El populismo es esa forma de gobernar en la que el estadista, un hombre surgido de la base, apela al pueblo, a esa entidad colectiva que no es la suma de individuos, sino su superación, incluso su avasallamiento. Es un varón común, no el macho alfa. Ahora, eso sí: tiene cualidades que lo hacen excepcional, que lo elevan. Sus seguidores ven en él, en ese hombre masculino o posmoderno, un encantador de serpientes. Es un gran teatrero, puede gesticular y hacer aspavientos.
Ese estadista real o en ciernes bracea, habla fuerte o habla quedo, se dirige a la gente. Y apela a sus iguales. Lleva un uniforme reconocible. Viste siempre igual, de negro o de blanco, de marrón o de caqui. Y su imagen se forja y se retiene.
Pero el populismo es también y sobre todo la conversión de cualquier actividad o destreza en materia estadística. Los jueces, por ejemplo, no están donde están por respaldo popular, sino por haber superado unas pruebas que avalan su acreditación. Son especialistas a los que los populistas repudian.
El populista desconfía de estas garantías procesales, por decirlo así: justamente por eso, cuando más acosado por la justicia se hallaba, Silvio Berlusconi dijo que él se veía respaldado, elegido por el pueblo, y que, por tanto, no se dejaría atrapar por alguien, un magistrado, que al fin y al cabo estaba donde estaba no por designación popular, sino por concurso-oposición.
Si toda actividad profesional o institucional se validara por elección popular, entonces –le reprochaba Umberto Eco al entonces primer ministro italiano– no deberíamos confiar nuestros hijos a los maestros ni nuestras intervenciones quirúrgicas a los cirujanos. ¿Quién puso a ese docente? ¿Quién avaló a ese galeno? No podemos.
¿Por qué razón? Porque todos estos profesionales han sido habilitados para ejercer sus funciones no por elección del pueblo, sino por concurso de méritos, tras un examen que evalúa su destreza o conocimientos. Como es obvio, el pueblo, según enunciado de una deliberación única, como expresión de sentimientos comunes, no existe, añadía Eco.

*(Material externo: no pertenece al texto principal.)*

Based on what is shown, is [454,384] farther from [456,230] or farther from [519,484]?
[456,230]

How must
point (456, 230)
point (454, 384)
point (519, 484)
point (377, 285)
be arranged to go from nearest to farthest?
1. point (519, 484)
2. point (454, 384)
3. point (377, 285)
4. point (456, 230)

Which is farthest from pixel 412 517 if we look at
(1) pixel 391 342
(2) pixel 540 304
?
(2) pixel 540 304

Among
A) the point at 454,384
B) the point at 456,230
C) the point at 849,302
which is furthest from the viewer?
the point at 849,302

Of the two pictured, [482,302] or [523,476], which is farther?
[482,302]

Es una herencia paradójica de la Ilustración, un legado de aquella voluntad general que sirvió para justificar lo bueno y lo malo, y que convirtió en quimera realmente existente la ley del número.
Hoy, las cosas han cambiado. O eso creemos… Al menos, ya no es tan fácil confundirnos con estas certidumbres. Gracias al refinamiento de nuestras democracias actuales, esa suma de los individuos no puede abatir a las minorías, y ciertas opiniones, por muy mayoritarias que sean, no pueden imponerse sin quebranto de unos derechos que a todos nos asisten: a los que profesan los juicios comunes y a los que sostienen ideas minoritarias.

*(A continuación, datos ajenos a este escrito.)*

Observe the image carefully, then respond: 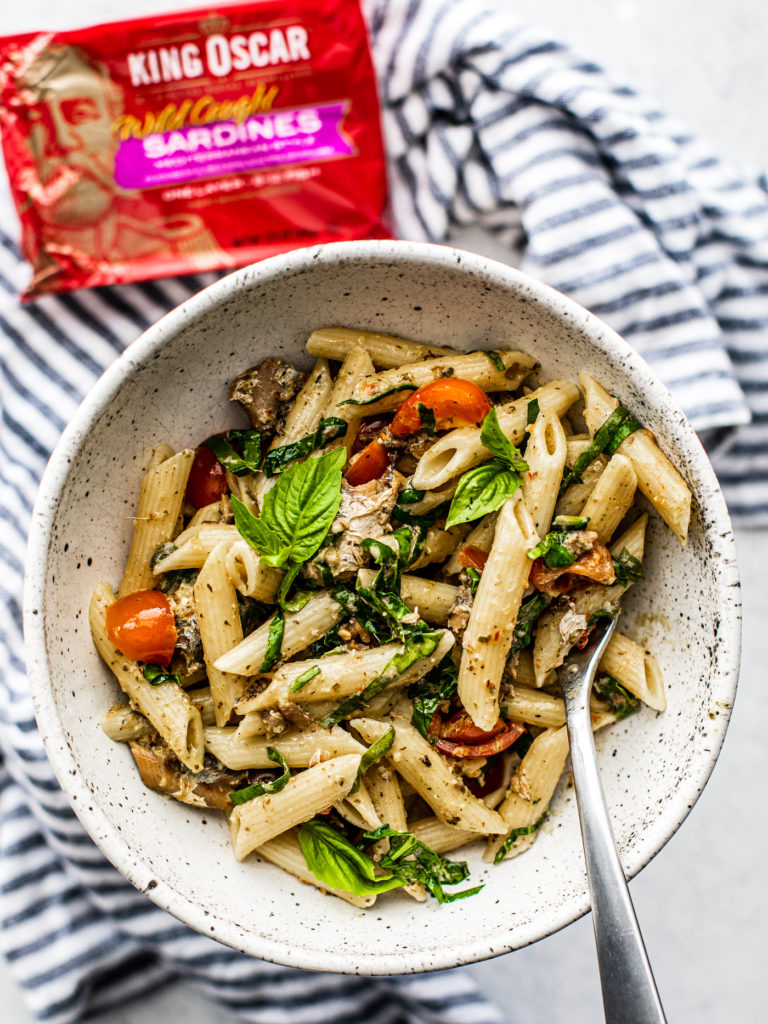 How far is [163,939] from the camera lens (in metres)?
2.34

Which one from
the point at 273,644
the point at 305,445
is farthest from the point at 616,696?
the point at 305,445

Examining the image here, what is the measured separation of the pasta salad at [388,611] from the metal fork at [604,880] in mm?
48

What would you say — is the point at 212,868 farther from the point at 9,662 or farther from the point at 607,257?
the point at 607,257

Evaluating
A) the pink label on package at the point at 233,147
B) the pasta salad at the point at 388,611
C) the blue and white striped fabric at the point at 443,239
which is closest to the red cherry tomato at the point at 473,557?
the pasta salad at the point at 388,611

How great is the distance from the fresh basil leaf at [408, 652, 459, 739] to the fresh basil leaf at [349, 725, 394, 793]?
0.28ft

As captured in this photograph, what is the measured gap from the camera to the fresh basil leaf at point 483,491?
1656 mm

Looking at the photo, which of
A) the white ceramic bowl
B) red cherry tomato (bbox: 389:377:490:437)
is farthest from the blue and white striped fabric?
red cherry tomato (bbox: 389:377:490:437)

Frente a esa entidad evanescente (el pueblo), existen, por supuesto, los ciudadanos: plurales, con sentimientos diversos, con juicios distintos, ciudadanos para los que hay que gobernar. Pero el consenso no ha de invocarse para excluir, estigmatizar o aniquilar a los que no comulgan con los valores mayoritarios. Además, la opinión pública no se forma sólo con la aritmética parlamentaria.
Existe lo que en el Antiguo Régimen se llamaban los cuerpos intermedios: corporaciones privadas e instituciones de la sociedad civil que son fruto del acuerdo particular, de los pactos o convenios que distintos agregados humanos rubrican para beneficio de sus miembros.
Entre otras metas infames, los totalitarismos esperaban acabar con esos cuerpos intermedios, un estorbo, sin duda, para su cómoda y despótica ejecutoria. Esperaban, en efecto, hacer coincidir el Estado con la sociedad y pretendían adueñarse de esas instituciones civiles para así facilitar el triunfo de la voluntad… general: esas oleadas de individuos que se pierden en la acogedora uniformidad de la multitud, esas muchedumbres en las que las personas renuncian a sí mismas, en las que dimiten fascinadas por la presencia de un líder elevado hasta un lugar inalcanzable. Recuerden: un líder salido de los estratos bajos. No forma parte de la élite; tampoco de las diversas castas que se adueñan de los recursos del pueblo.
Por suerte, ese paladín que brama, que bracea y que encomia, que se entrega al didactismo odioso, que nos trata como menores de edad, puede ser derribado por su pueblo: mejor dicho, por sus votantes. Y, a pesar de nuestras democracias achacosas, aún podemos expulsar a nuestros populistas, esos que retumban, ensordecen y soliviantan ante la cámara, ante el auditorio. O esos que hablan quedo ante la televisión.